As a first aspect of the brine desalination apparatus of the present invention, the present invention provides a plurality of brine evaporators for extracting fresh water by evaporating brine using solar heat or condensation heat, and at least one of the brine evaporators As one side of the evaporation portion is brine flows, a part of the brine evaporates, the other side is a salt water desalination apparatus comprising a housing surrounding the plurality of salt water evaporation portion, the fresh water generated by the condensation of the evaporated brine flows, Here, the housing flows along one surface of the brine evaporator and the brine outlet for outflowing the brine not evaporated; Fresh water outlet for allowing the evaporated brine vapor to be condensed on the other surface of the brine evaporation unit to the fresh water flowing down along the other surface to the outside; A front support that receives solar heat; And a rear support provided at the rear of the housing to fix the brine evaporator, wherein at least one brine evaporator of the plurality of brine evaporators includes a wetted part of which one part of the brine evaporates while the brine flows.
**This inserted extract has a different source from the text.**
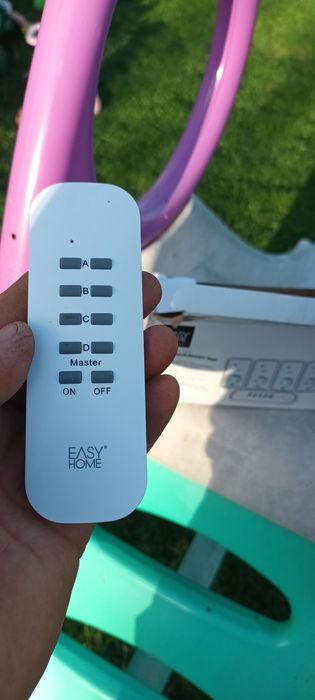 Priză shuco 220 automată cu telecomandă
The other surface is a water-resistant coating formed by condensation of the salt water evaporated from the neighboring wetted portion flowing downward; the core surface made of a flexible material (flexible), and each of the brine evaporator disposed in parallel spaced apart from each other Spacer is provided between one surface of the brine evaporation unit and the other surface of the neighboring brine evaporation unit for the purpose.

For reference, the configuration of the brine desalination apparatus of the present invention was defined differently to the name of each component in order to explain differently from the conventional brine desalination apparatus shown in FIG.
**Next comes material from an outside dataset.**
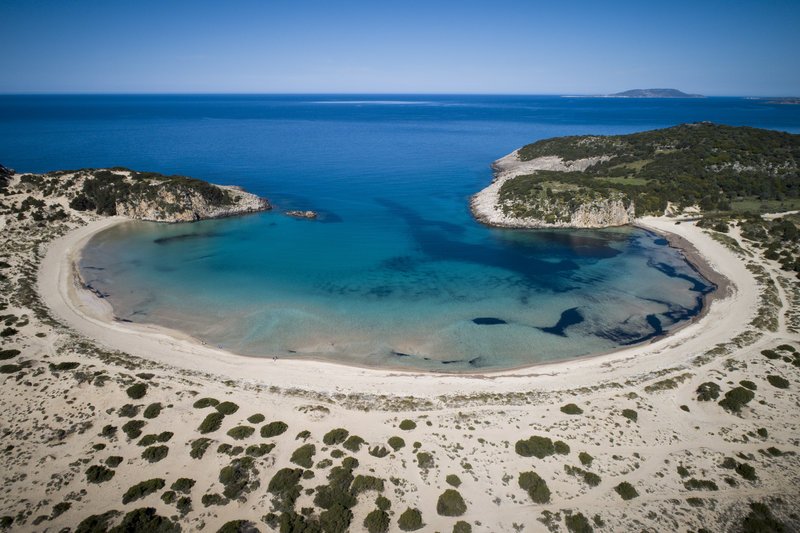 Βόλτα στη Βοϊδοκοιλιά -Ενα υδάτινο θέατρο σε σχήμα Ω, με γαλαζοπράσινα νερά [εικόνες]  | iefimerida.gr 0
Hereinafter, the configuration of the brine desalination apparatus according to the present invention will be described in more detail with reference to FIGS. 2 to 7.

2 is a view for explaining the internal structure of the saltwater desalination apparatus according to an embodiment of the present invention, Figure 3 is a view for explaining the housing of the saltwater desalination apparatus according to an embodiment of the present invention.

As shown in FIG. 2 and FIG. 3, the brine desalination apparatus of the present invention uses the principle of desalination of brine in the brine desalination apparatus having the conventional multi-stage structure, but improves the desalination efficiency by changing its structure.

More specifically, the brine desalination apparatus of the present invention, evaporate the brine by using solar heat, or brine to extract fresh water by evaporating the brine using the heat of condensation (condensation latent heat) generated in the process of condensation of the evaporated brine A plurality of evaporation units are arranged in parallel in the housing, wherein at least one of the brine evaporation plates of one of the plurality of brine evaporators is partially brine as the brine flows, and the other side is generated by condensation of the evaporated brine. The fresh water has a structure flowing downward of the other surface, and comprises a housing 210 surrounding the plurality of brine evaporation.

On the other hand, the housing 210 flows along one surface of the front support 211 and the brine evaporation unit for receiving the solar heat to be delivered to the brine evaporator and the brine outlet 214 for outflowing the brine not evaporated, The evaporated brine vapor is condensed on the other surface of the brine evaporator, and is provided on the fresh water outlet 213 that allows outflow of fresh water flowing down along the other surface to the outside and the rear of the housing to fix the brine evaporator and the components of the housing. It includes a rear support 216 to.

In addition, the brine desalination apparatus of the present invention may additionally include a brine supply unit 215 optionally. The brine supply unit 215 serves to distribute the brine tank for storing the brine to be supplied to the brine storage unit and the brine of the brine tank to the plurality of brine storage unit 340 for storing the brine in the brine evaporator (300) Consisting of a brine distributor, the method for supplying the brine may include all methods that can supply a proper amount of saline to the brine storage unit 340 by using a pump, a motor or a capillary phenomenon.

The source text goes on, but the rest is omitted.